025-199-000-20100101-35-IDE Interface: Failed (DMA read error (Corrupted-Data) occurred at sector 56769.)

So, I can only see and run tests on the hard drive by booting through PC Doctor. However, this utility does not offer the functionality of repairing the MBR or repairing bad sectors.

PLEASE HELP! I sincerely appreciate any ideas or suggestions!!
Thank you!
Brad

hackerballs
01-01-2010, 08:50 PM
have you tried to go into BIOS and set your graphics to internal, take your graphics card out, and see if it's your graphics card drivers fault? then my next try would be a format of the HDD and see if it "see's" one. If you can't get that far, then might be HDD also

CASE> CoolerMaster
Power Supply> SeaSonic 700W
MB> Gigabyte EP45-UD3R
CPU> Q6600 OC'ed
Cooler> Zalman 9700
RAM> OCZ Platinum, 8gigs, 4x2g,PC6400, 5-4-4-15 @2.02v
Graphics> NVidia 275GTX
HDD> WD Raptor 150g main, WD 500g Black
Sound> Creative Fatility X-Fi Game Pro 5.1
Speakers> Logitech Z5500
Monitor> Samsung 275tPlus 1920 x 1200 @60
OS> Windows 7 Pro x 64bit

jlreich
01-01-2010, 10:34 PM
This really has nothing to do with repairing the MBR or the video card. The tests you have run and the errors you are receiving all lead to the drive is dead or dying. This happening after installing the driver is coincidence.

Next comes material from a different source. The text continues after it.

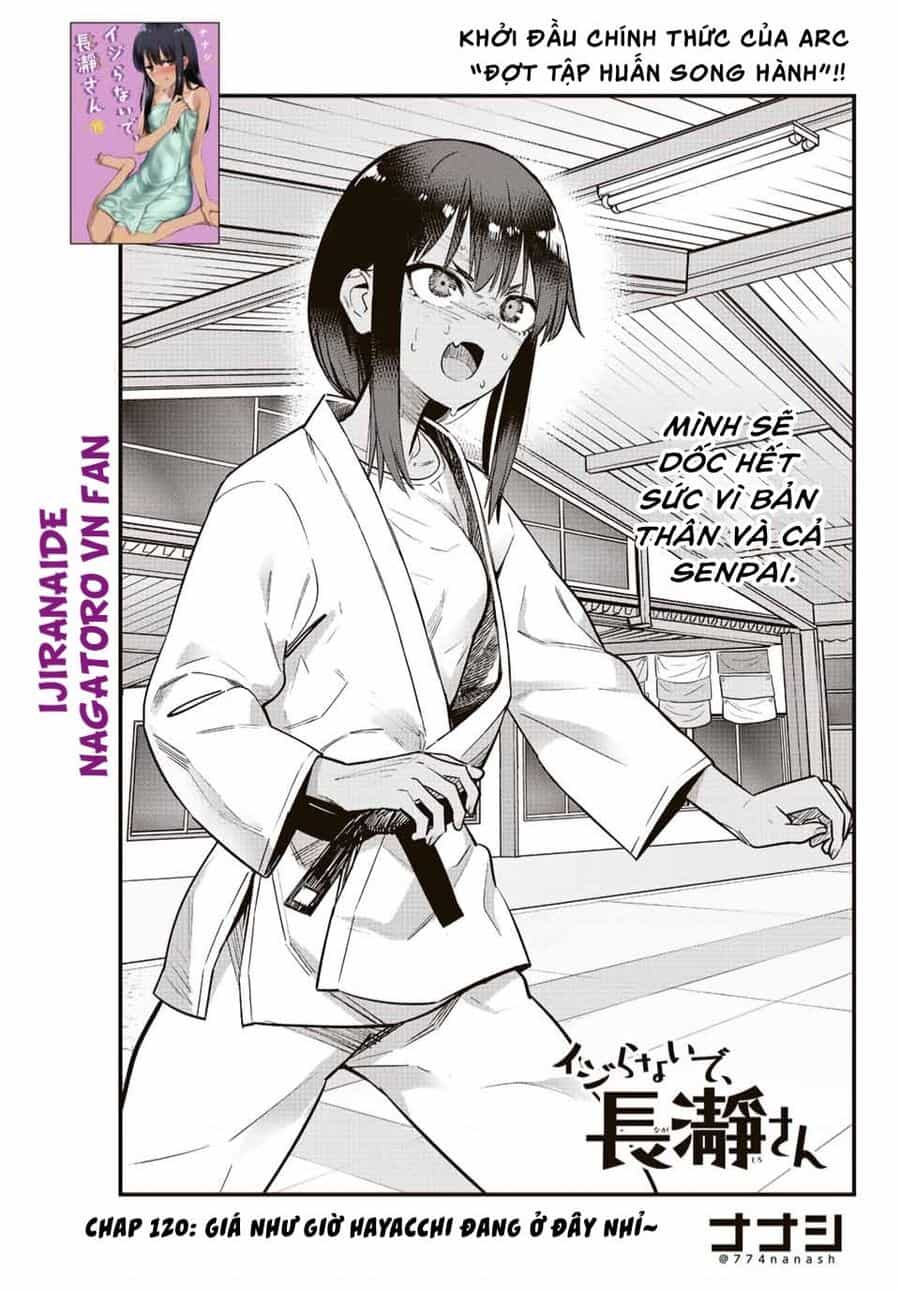 Please Don't Bully Me - Nagatoro-San - Chuong 120 - ảnh 2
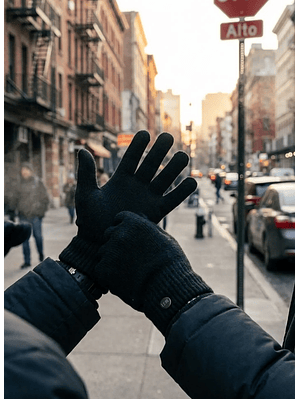 GUANTE LANA TÉRMICO CLIMA FRÍO GLOVES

You can try zero filling the drive and formatting but if it has gotten bad sectors on the beginning of the drive it will most likely fail again very soon if it works at all. ;)

1) Booted from win98 boot disc. Tried using chkdsk /r. Received a message to use scandisk.

2) After booting from win98, cannot change directories from boot disc to the hard drive.

Win 98/DOS cannot access an NTFS file system, which XP usually uses. Or if it is FAT32 but can't see the drive because it is failed/failing....

Time for a new hard drive and to reinstall windows. ;)

If there is important data that must be recovered then I suggest GetDataBack (http://www.runtime.org/data-recovery-software.htm). Read the instructions and pick the one for the correct file system type (NTFS or FAT32). You can use it for free to recover one file at a time as long as you have a program that can open the file and save it on the host system, or if the recovery options look good you can buy it to recover a bunch at a time.

Edit- If the drive is intermittently not being seen by the BIOS then it is likely normal data recovery methods won't work. It would be on to professional data recovery at that point if the data is that important.